Infrastruktur pendukung konektivitas lain, yang menurut dia telat ada, ialah jalur rel kereta api ganda di semua daerah yang memungkinkan pembangunannya. Jokowi mengaku pernah menghitung biaya pengadaannya secara hampir merata di semua daerah memerlukan biaya Rp 300 triliun saja. "Yang murah bukan jalan tol, tapi transportasi laut dan kereta api," kata Jokowi.(baca: Double Track Lintas Jawa Rampung Maret )

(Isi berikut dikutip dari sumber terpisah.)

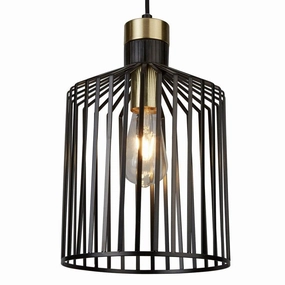 Bird Cage 1 Light Black & Gold Ceiling Pendant - 22cm ambient ceiling fixture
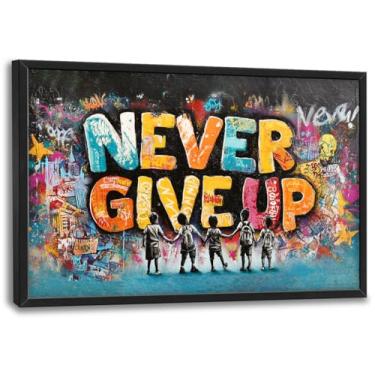 Imagem de Arte de parede grande Banksy para sala de estar Big Street Graffti decoração de parede inspiradora Banksy impressões em tela motivacional pintura arte nunca desista decorações para escritório quarto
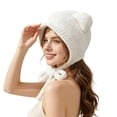 thumbnail image 2 of qolati Women Plush Bear Hat Warm Ear Protection Fall Winter Thickened Fuzzy Hat Earflap Beanie Warm Tropper Windproof Hooded Hat Headwear, 2 of 8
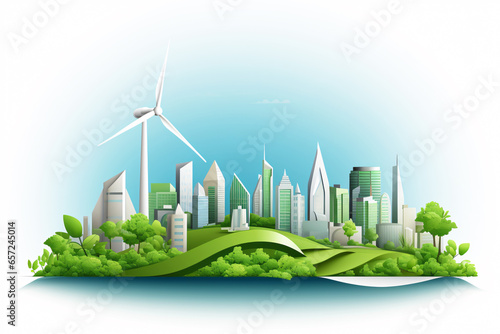 Ecology city background with wind turbines and green trees. Generative ai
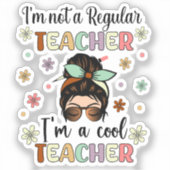 Ik ben een coole leraar, grappige leraar waarderin sticker (Voorkant)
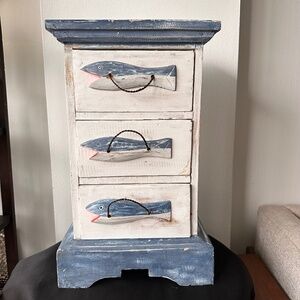 Vintage Nautical Wooden Mini Cabinet 3 Drawers Fish Design Coastal Decor 19x12"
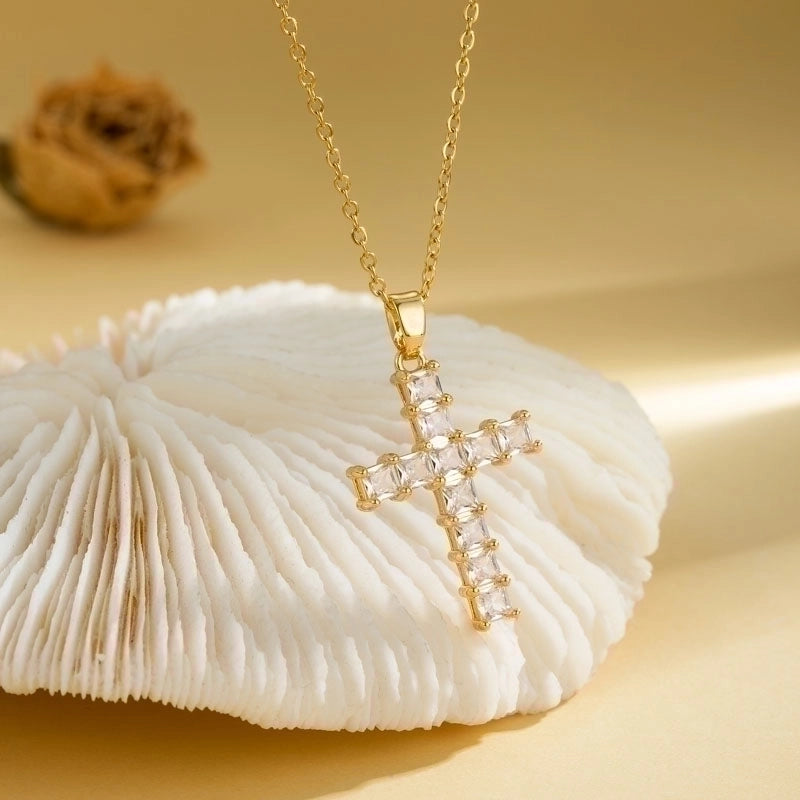 2 Pieces Stainless Steel Titanium Steel 18K Gold Plated Casual Elegant Plating Inlay Cross Heart Shape Flower Zircon Pendant Necklace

Di tempat yang sama, Sugiharjo, Staf Ahli Bidang Logistik dan Multimoda Kementerian Perhubungan mengatakan program perbaikan transportasi massal membutuhkan komitmen tegas petinggi pemerintahan. Sinergisitas antara kepala-kepala daerah dan pemerintah pusat merupakan kebutuhan mutlak. "Kemacetan di kota itu fenomena gunung es saja," kata salah satu pengurus Masyarakat Transportasi Indonesia (MTI) tersebut.